Laham believes there are now two distinct audiences for shows: those for traditional television networks and those for streaming services such as Netflix, Shahid, Starzplay.  

“What is on TV does not work on a platform and vice versa, because the new generation want something fast — they want something will keep them hooked. So, it’s very challenging to make content for them,” he said.  

What Laham believes works best are docuseries such as “Dubai Bling” and “It’s OK.” 

“These are non-scripted, but they are serialized; they’re sticky,” he explained. “You want to keep on watching to follow the stories and this is when you binge watch. On TV channels, you still get to see classical standalone episodes.” 

Laham said Different Productions is currently working on an original docuseries for Starzplay called “Unstoppable.”  

“It’s a football-based reality show where children between the ages of 13 and 15 compete. There will be one winner, and the winner will hopefully play for one of the big Italian teams,” he said.  

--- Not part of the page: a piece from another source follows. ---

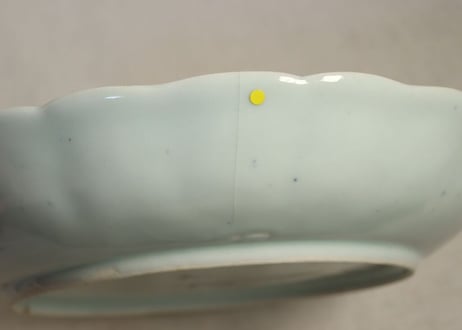 江戸中期染付花鳥図尺深皿　ニュウ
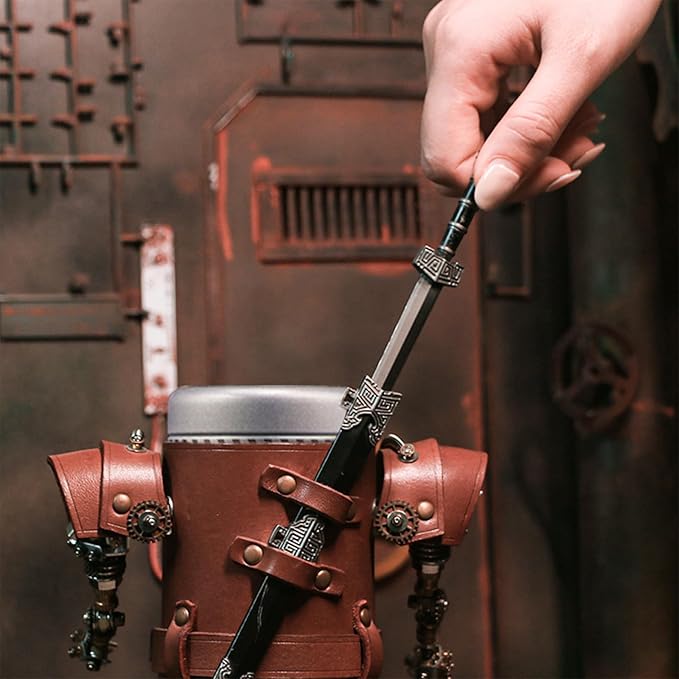 Adult 3D Metal Puzzle, Steampunk Style Pen Holder Metal Model Set, 3D Metal Puzzle Mechanical Pen Holder Building Blocks, DIY Mechanical Model Set, a high-end Gift for Men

Laham described the Saudi Arabia market as “promising,” not only due to the growing number of original productions but also because “the infrastructure, whether it’s Neom or AlUla,” is drawing in creatives from around the world. “I think it’s going to the biggest media hub out there very soon,” he added.  

“We care a lot about the viewership in Saudi Arabia because it’s the biggest market,” Laham said. “So we always look into the ratings — even if it’s not a pure Saudi show, we want our shows to be watched in Saudi Arabia.”